Summary

Adam: A Method for Stochastic Optimization, Kingma, Ba; 2014 - Summary

author:	jordi1215
score:	9 / 10

Adam (derived from adaptive moment estimation) is an optimization algorithm that can be used instead of the classical stochastic gradient descent procedure to update network weights iterative based in training data.

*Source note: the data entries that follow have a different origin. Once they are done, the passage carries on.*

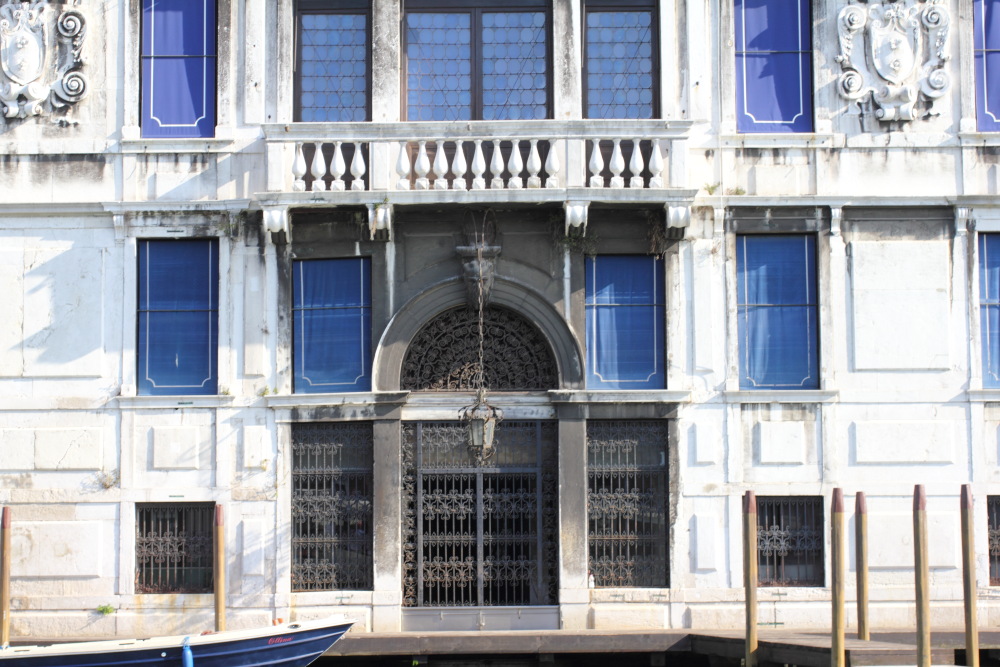 Lokation: Italien | Veneto | Dorsoduro | Sestière di San Polo Kategorien: Gebäude, Datum: 23.08.2011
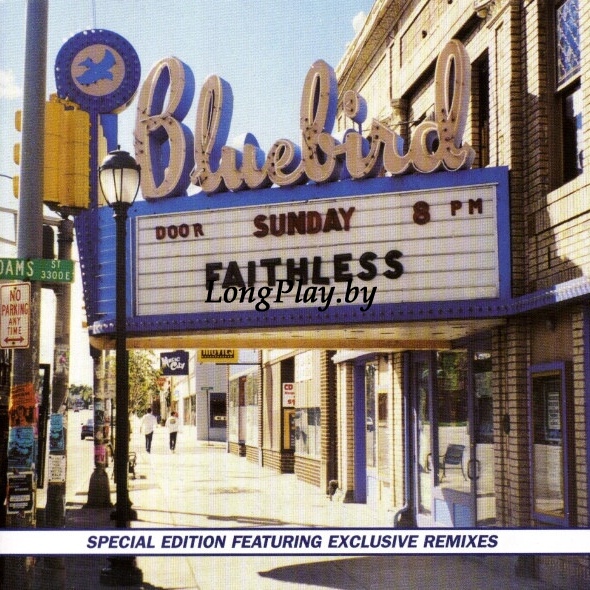 Faithless - Sunday 8PM CD ++++
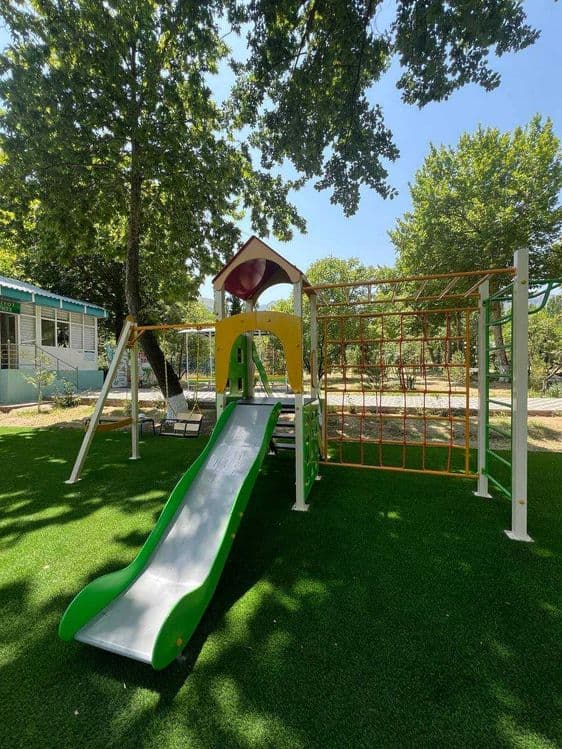 Bolalar va Workaut sport Maydonchalari Ishlab Chiqaramiz! TURNIK.UZ — 8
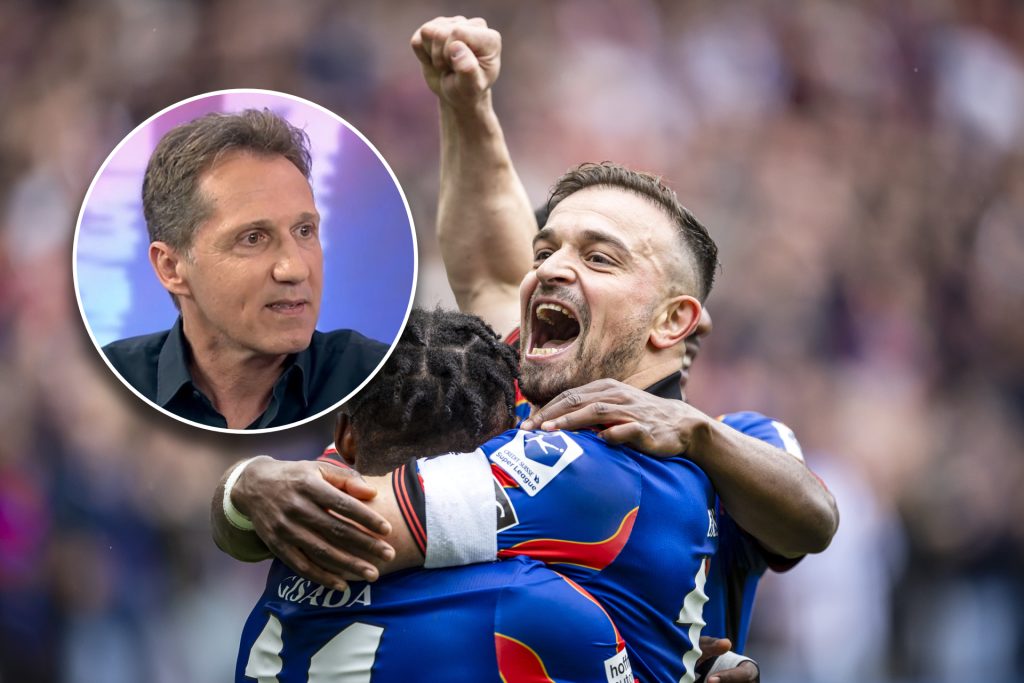 Adrian Knup legt sich fest: «Der FCB wird den Meistertitel holen!»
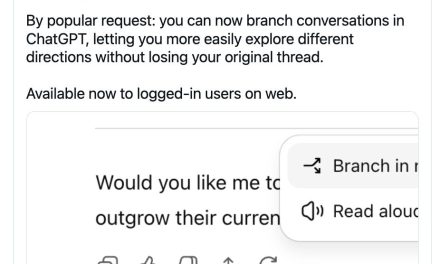 ☕🤖 ChatGPT Branches Out & Anthropic Settles for $1.5B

Straightforward to implement.
Computationally efficient.
Little memory requirements.
Invariant to diagonal rescale of the gradients.
Well suited for problems that are large in terms of data and/or parameters.
Appropriate for non-stationary objectives.
Appropriate for problems with very noisy/or sparse gradients.
Hyper-parameters have intuitive interpretation and typically require little tuning.

Algorithm

Adam algorithm

Adam Configuration parameters

alpha. Also referred to as the learning rate or step size. The proportion that weights are updated (e.g. 0.001). Larger values (e.g. 0.3) results in faster initial learning before the rate is updated. Smaller values (e.g. 1.0E-5) slow learning right down during training
beta1. The exponential decay rate for the first moment estimates (e.g. 0.9).
beta2. The exponential decay rate for the second-moment estimates (e.g. 0.999). This value should be set close to 1.0 on problems with a sparse gradient (e.g. NLP and computer vision problems).
epsilon. Is a very small number to prevent any division by zero in the implementation (e.g. 10E-8).

“Good default settings for the tested machine learning problems are alpha=0.001, beta1=0.9, beta2=0.999 and epsilon=10−8”

How is Adam Different to classical stochastic gradient descent?

Stochastic gradient descent maintains a single learning rate (termed alpha) for all weight updates and the learning rate does not change during training. “[Adam] computes individual adaptive learning rates for different parameters from estimates of first and second moments of the gradients.”

The authors describe Adam as combining the advantages of two other extensions of stochastic gradient descent. Specifically:

Adaptive Gradient Algorithm (AdaGrad) - that maintains a per-parameter learning rate that improves performance on problems with sparse gradients (e.g. natural language and computer vision problems).
Root Mean Square Propagation (RMSProp) - that also maintains per-parameter learning rates that are adapted based on the average of recent magnitudes of the gradients for the weight (e.g. how quickly it is changing). This means the algorithm does well on online and non-stationary problems (e.g. noisy). Adam realizes the benefits of both AdaGrad and RMSProp.

Instead of adapting the parameter learning rates based on the average first moment (the mean) as in RMSProp, Adam also makes use of the average of the second moments of the gradients (the uncentered variance).

Specifically, the algorithm calculates an exponential moving average of the gradient and the squared gradient, and the parameters beta1 and beta2 control the decay rates of these moving averages.

The initial value of the moving averages and beta1 and beta2 values close to 1.0 (recommended) result in a bias of moment estimates towards zero. This bias is overcome by first calculating the biased estimates before then calculating bias-corrected estimates.

Result

Adam algorithm

“Empirical results demonstrate that Adam works well in practice and compares favorably to other stochastic optimization methods.”

“Using large models and datasets, we demonstrate Adam can efficiently solve practical deep learning problems.”

TL;DR

Adam is an optimization algorithm
It is used instead of classical gradient descent procedure to update weights
It produces fast results